BATI’YA BENZEME HASTALIĞININ GELDİĞİ AŞAMA

0
679

    Türkiye’de son dönemlerde büyük artış gösteren yozlaşma da, Batı’dan ithal kapitalist çılgınlık kültürünün geldiği aşamanın yansımasıdır. Türkiye’nin bu duruma gelmesindeki baş sebep, özellikle 11 Kasım 1938’den itibaren, ülkeyi yönetenlerin, aydınların, yazar–çizerlerin, tüccarların, oyuncuların, şarkıcıların vs Batı’dan gelen her şeyi sorgusuz sualsiz doğru kabul edip, bunda bir kerâmet olduğuna inanması ve toplumu da buna inandırmaya çalışma gafletidir. Örneğin, en üst düzey yöneticilerimiz, yıllar önce, ‘Türkiye 30 yıl sonra Küçük Amerika olacaktır’ diyorlardı.

    Ve bugünlerde gelinen noktada, bir bayan mankenimiz, ‘Evleneceğim kişinin sofistike biri olmasını isterim’ derken, ‘sofistike’nin, yabancı maddeler karıştırılarak, hileli hale getirilmiş, doğallıktan uzak, yapmacık, safsata şeyler için kullanılan bir sözcük olduğunu bilmediği halde, körü körüne Batı hayranlığından dolayı, çok kültürlü çağdaş biri olduğunu zannettirmeye çalışmaktadır.

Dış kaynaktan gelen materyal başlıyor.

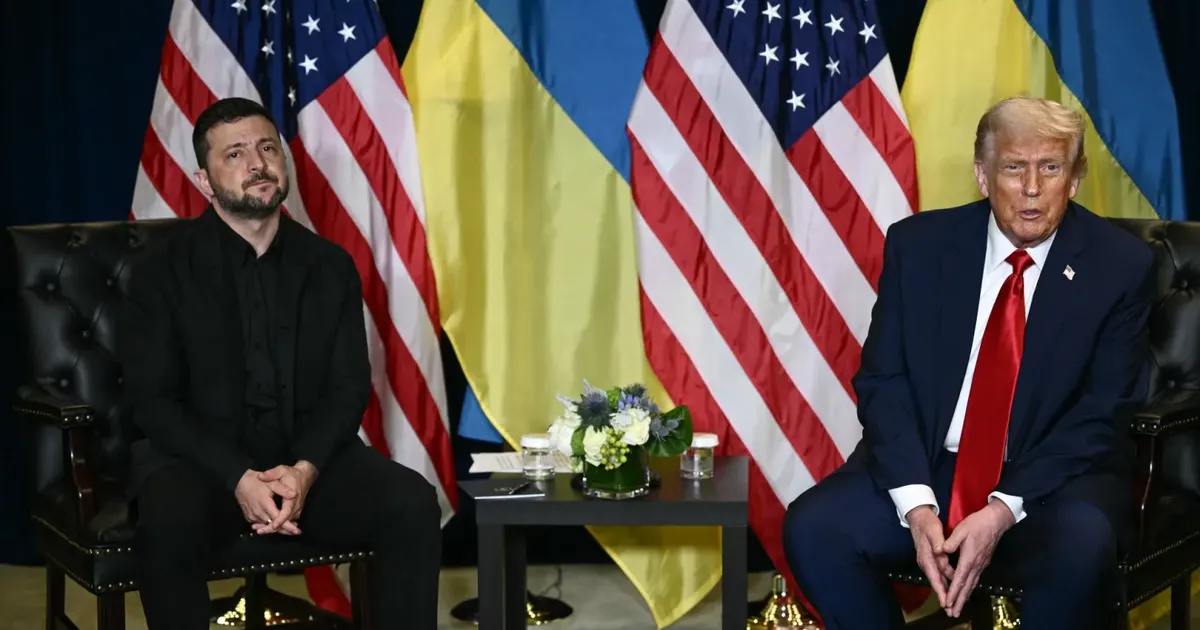 У неділю заплановано переговори між Трампом та Зеленським, метою яких є обговорення мирної ініціативи.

    Bu gerçeğe ilişkin dünya kadar örnek verilebilir. Ancak daha iyi anlamak için, basına yansıyan birkaç örneği sunmak bile yeterlidir.

    Yunanistan’dan sperm ithal ediyoruz.    

    Türkiye’de Viking spermi satış bayiliği var. 

    Bir bayan yazar, Orhan Pamuk’a, ‘Orhan, çocuk yapalım mı’ diye evlilik dışı çocuk yapmayı öneriyor.   

   Türkiye’de yaşayan ve Amerika’daki sperm bankasından satın aldığı spermle hamile kalan kadın.  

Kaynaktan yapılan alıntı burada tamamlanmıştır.